* **Brief descriptive captions**:
::::::

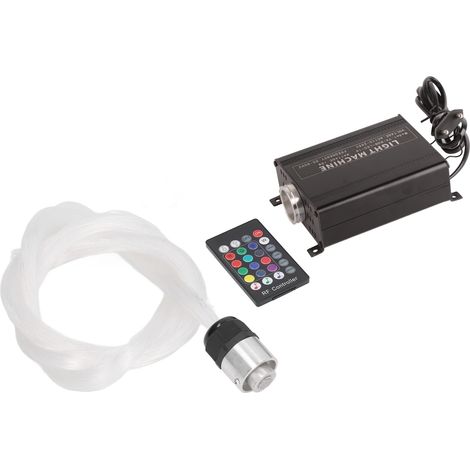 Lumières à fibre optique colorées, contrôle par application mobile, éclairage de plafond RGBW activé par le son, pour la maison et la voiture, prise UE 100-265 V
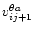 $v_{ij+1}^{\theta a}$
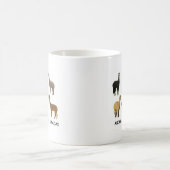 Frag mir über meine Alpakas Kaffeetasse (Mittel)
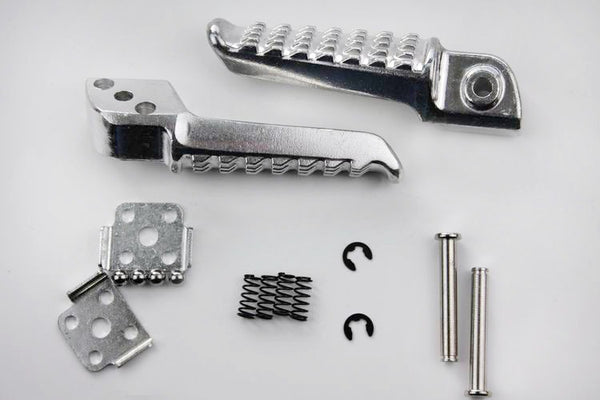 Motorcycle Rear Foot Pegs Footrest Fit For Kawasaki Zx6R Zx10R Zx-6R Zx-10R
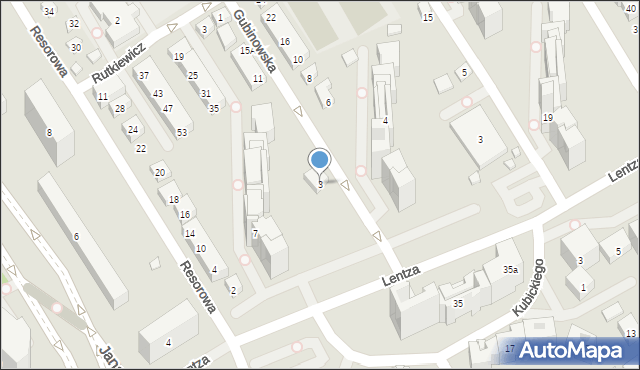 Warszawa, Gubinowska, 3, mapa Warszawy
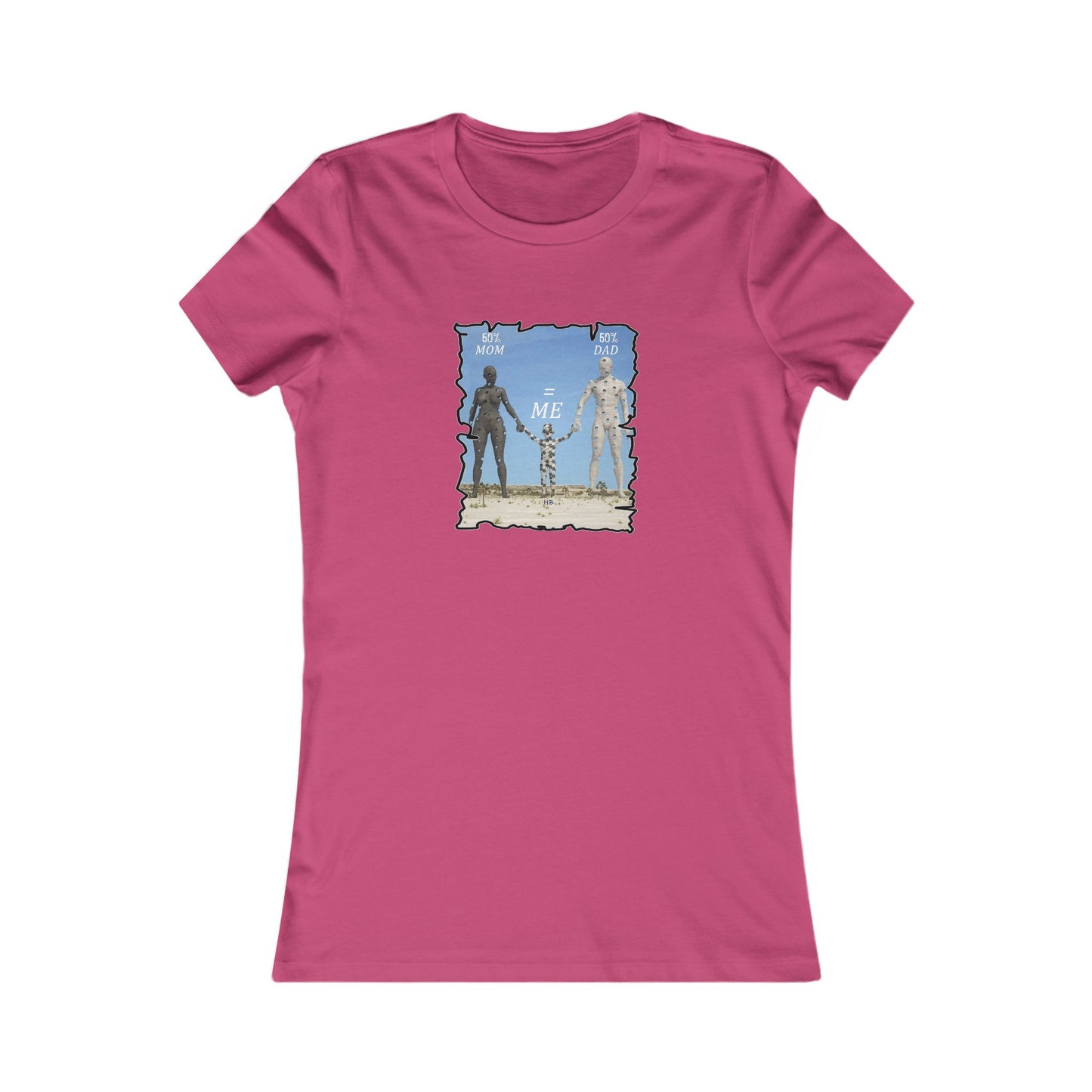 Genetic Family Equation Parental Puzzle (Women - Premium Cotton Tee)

::::::

* **Exercise description**: Copy exactly the lines from the one containing "Frag mir über" through the final line of the records above, both included, and leave out any pictures.

* **Expected answer**:
 Frag mir über meine Alpakas Kaffeetasse (Mittel)
 Motorcycle Rear Foot Pegs Footrest Fit For Kawasaki Zx6R Zx10R Zx-6R Zx-10R
 Warszawa, Gubinowska, 3, mapa Warszawy
 Genetic Family Equation Parental Puzzle (Women - Premium Cotton Tee)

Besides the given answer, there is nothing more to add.